これらの動きをみる限り、日銀によるYCC運用のさらなる柔軟化で、市場が大きく混乱する事態(長期金利上昇、円高、株安)は避けられたと考えられる。もちろん、決定会合後の国内市場の反応は、米国の長期金利低下や株高などにも影響を受けた部分はあると思われるが、少なくともYCCの再修正そのものが金融ショックになった様子はうかがえず、日銀はここまで上手く対応できていると判断される。
長期金利操作のオペから日銀は段階的に手を引いて、金利水準の形成を市場に委ねる方向へ
YCC運用の修正は、2022年12月と2023年7月、そして今回の2023年10月と、これまで3回行われてきた。具体的には、YCCのうち長期金利について、上昇方向の変動を段階的に容認する形になっている(図表2)。

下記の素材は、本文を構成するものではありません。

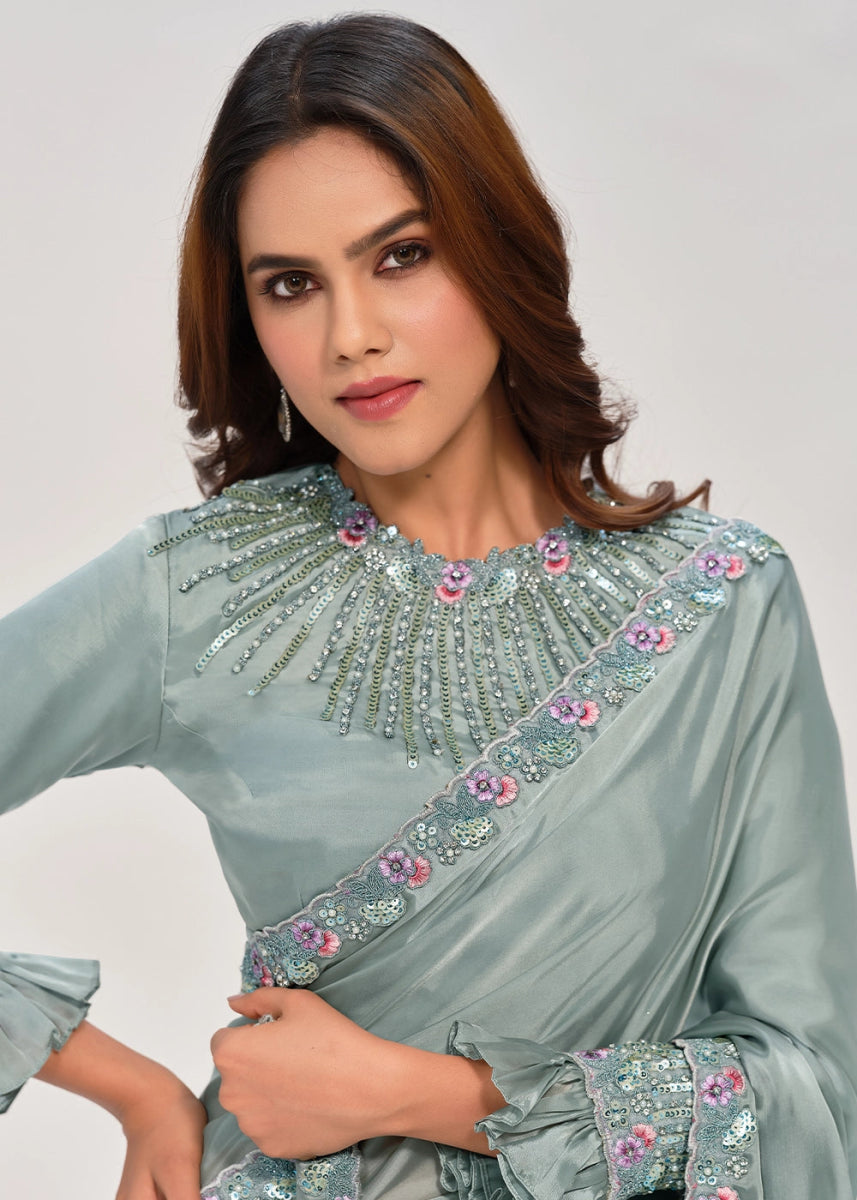 Ash Grey Crepe Satin Silk Saree with Handcrafted Multi - Hued Sequins - House of Sarvati LLC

その一方で、YCCの枠組み自体や、資産買い入れ方針、そして、長短金利操作付き量的・質的金融緩和とマネタリーベースの拡大方針についてのフォワードガイダンス(金融政策の先行き指針)は一切変更していない。
日銀は恐らく、YCCの長期金利について、それを操作するオペ(公開市場操作)から段階的に手を引き、長期金利の水準形成を市場に委ねていくこと、すなわち、長期金利操作の形骸化を念頭に置いているのではないかと推測される。そのため、この先、長期金利が市場の需給に基づいて上昇する場面では、今回のように、上限のさらなる引き上げも選択肢になると思われる。
異次元緩和は実質終了に向かっており来年4月に正式終了へ、日銀の対話次第で混乱は回避
すでに資産買い入れは形骸化しているため、YCCの長期金利操作も形骸化が進めば、長短金利操作付き量的・質的金融緩和は、実質的に終了に向かっていると考えることができる。ただ、長期金利や円相場の急騰を抑制するには、やはりしばらくは長短金利操作付き量的・質的金融緩和の看板をかけ続けることが必要で、形式上でもYCCの枠組みや資産買い入れ方針を残し、フォワードガイダンスで市場の不安を和らげることが求められる。
三井住友DSアセットマネジメントは、来年3月中旬ごろの春季生活闘争(春闘)の集中回答日を経て、日銀が2%の物価安定の目標を持続的・安定的に実現できる状況になったと判断すれば、来年4月にもマイナス金利は解除されるとみている。ただ、その後はしばらくゼロ金利政策が継続される公算は大きく、金融引き締めに舵を切る意図がない旨を日銀が市場に上手く伝達できれば、長期金利や円相場の急騰には至らないとみている。